Stanley Hauerwas and William Willimon coined a blunt phrase for the posture the Church should keep: “resident aliens.” The Church must refuse domesticating deals with national ambition if it wants to retain the ability to call kings and crowds to account. Worship and worship-shaped practices form people better suited to public service than slogan-fed patriotism ever will.
So what does faithful practice look like? Start with honesty: Christian speech must be cleaner than the culture’s — not clever, but truthful. A church that traffics in rumors, propaganda, or convenient untruths has already traded away part of its witness.
Keep steady public responsibility: pay taxes, obey just laws, vote with conscience, and serve your work with integrity. Seek the city’s good in ordinary ways — fair wages, safe roads, decent schools, honest policing, and clean water — because Jeremiah’s exiles served God by living faithfully where they were. At the same time, when the state demands what belongs to God — worship, ultimate loyalty, the dehumanizing of neighbors, or silence before injustice — Christians must say, with the apostles, “We must obey God rather than men” (Acts 5:29).

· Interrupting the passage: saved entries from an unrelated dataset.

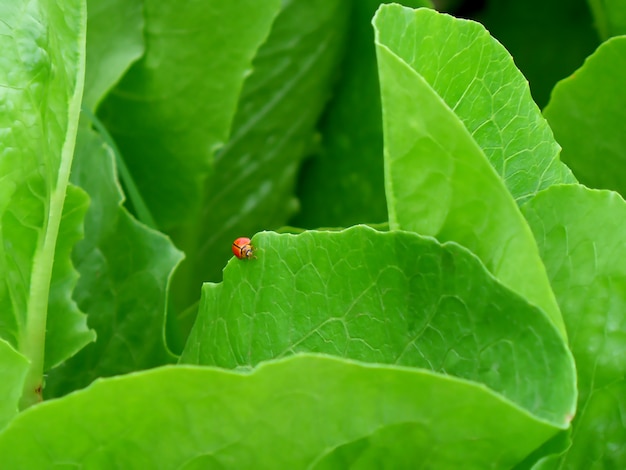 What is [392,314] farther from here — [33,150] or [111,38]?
[111,38]

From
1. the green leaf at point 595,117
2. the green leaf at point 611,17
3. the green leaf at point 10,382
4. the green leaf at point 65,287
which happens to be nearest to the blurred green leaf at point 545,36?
the green leaf at point 611,17

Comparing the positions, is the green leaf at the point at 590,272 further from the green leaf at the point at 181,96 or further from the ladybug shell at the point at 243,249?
the green leaf at the point at 181,96

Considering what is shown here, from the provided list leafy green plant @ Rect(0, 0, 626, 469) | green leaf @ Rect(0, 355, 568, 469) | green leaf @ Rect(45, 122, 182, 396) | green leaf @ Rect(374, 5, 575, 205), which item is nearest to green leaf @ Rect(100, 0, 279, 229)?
leafy green plant @ Rect(0, 0, 626, 469)

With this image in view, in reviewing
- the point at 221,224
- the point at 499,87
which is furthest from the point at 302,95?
the point at 499,87

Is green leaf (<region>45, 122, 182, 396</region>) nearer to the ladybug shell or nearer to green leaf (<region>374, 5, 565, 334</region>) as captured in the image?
the ladybug shell

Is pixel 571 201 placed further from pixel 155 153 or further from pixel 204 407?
pixel 155 153

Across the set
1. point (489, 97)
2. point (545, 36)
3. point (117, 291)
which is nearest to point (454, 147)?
point (489, 97) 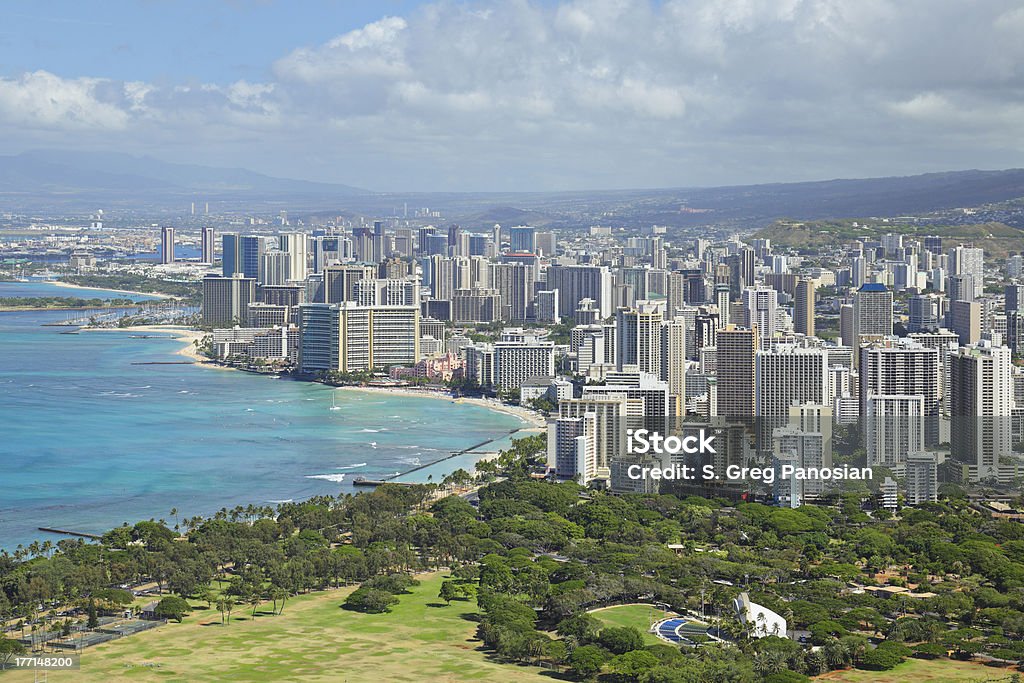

Let the Church be the training ground for public character; the most political thing many Christians can do is become people who do not panic, do not hate, do not scapegoat, and do not look away when the weak are crushed. If worship does not shape us into truth-tellers and protectors of the vulnerable, that worship has failed its purpose. Love your nation like a neighbor — with loyalty that corrects and with hope that refuses idolatry — because worship belongs to God alone.